Direct Benefits Cloud Capabilities Features :
- High Availability –
Infrastructure will be highly available in the Cloud with fewer outages experienced and less downtime. Applications will exist across a number of disparate Cloud Data Centres and can auto recover or terminate and restart if performance drops enabling continued quality of services.
- Flexibility –
The University will have access to the full range of programming models, operating systems, databases and architecture with which they are familiar as well as new services available through the market place. The University will not be locked into infrastructure purchases and will have more freedom of choice.
- Self Service Self Provisioning –
A Cloud environment will allow for greater adoption of self-service and provisioning, particularly in the research space. Graphical user interfaces and Cloud tools can be set-up to allow users to run their own workloads and have visibility of the costs and metrics associated.

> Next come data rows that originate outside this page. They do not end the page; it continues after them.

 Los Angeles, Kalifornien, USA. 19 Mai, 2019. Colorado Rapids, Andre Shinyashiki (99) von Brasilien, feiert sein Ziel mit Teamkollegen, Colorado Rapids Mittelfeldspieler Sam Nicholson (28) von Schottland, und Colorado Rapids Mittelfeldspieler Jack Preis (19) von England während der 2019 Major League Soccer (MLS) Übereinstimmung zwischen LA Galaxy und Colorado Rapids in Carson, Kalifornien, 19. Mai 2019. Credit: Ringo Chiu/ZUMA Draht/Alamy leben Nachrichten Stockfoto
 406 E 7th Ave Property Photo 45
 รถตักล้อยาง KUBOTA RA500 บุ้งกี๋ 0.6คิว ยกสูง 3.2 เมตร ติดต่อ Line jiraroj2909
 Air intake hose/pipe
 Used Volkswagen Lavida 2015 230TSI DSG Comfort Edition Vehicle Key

- Automation and Ease of Management –
Platform and application automation will enable greater ease of management across patching, security, provisioning, testing, deployment and logging. These operational areas become integrated into the service that the University consumes allowing quicker deployment of services.
- Scalability –
Movement of workloads to Cloud will allow the University to instantly scale up or down in line with student and researcher demands. This will allow the University to maintain quality services as it grows and accounts for volatile or seasonal application usage (e.g. peak enrolment periods).
- Greater Security Controls –
Cloud environments keep track of all changes made through logging and can make use of the latest firewalls and security features to reduce the likelihood and impact of cyber attacks and internal mistakes.
Indirect Benefits Cloud Consumption Enables :
- Greater Agility and Time to Market –
Ease of development and provisioning in the Cloud will enable the University to quickly spin up new ideas and test them. This way of operation lends itself to greater agility through learning fast and taking ideas to market or further iterating upon them.
- Reduced Environmental Impact –
The University will not need to disrupt its natural environment to build a new Data Centre and will contribute to lower greenhouse gas emissions through use of more efficient facilities.
- public Cloud providers –
Cost Avoidance and Cost Savings Through not building a Data Centre, the University will achieve upfront cost avoidance. Whilst this will be partially offset by the need to increase investment in Cloud migration, it will drive a reduction in costs longterm through a reduction in IT overheads.
- Focus on Value-Adding Activities –
The University can free up its resources to focus on more growth and transformation activities. This will give staff more time to uplift the environment, develop new service offerings and improve the student and researcher experience rather than keeping the lights on.
- Improved Brand Perception –
The movement to a full Cloud environment will enhance the University’s brand and reputation as a forward-thinking University. In addition, the Cloud Platform can become a selling point to attract technology students and researchers to collaborate.
- Creation of New Revenue Streams –
The University can capture additional revenue streams by providing researchers with Cloud services through a portal that is managed by IT. As a result, researchers will no longer need to procure their own hardware to run research workloads and the University will be able to capture this expenditure.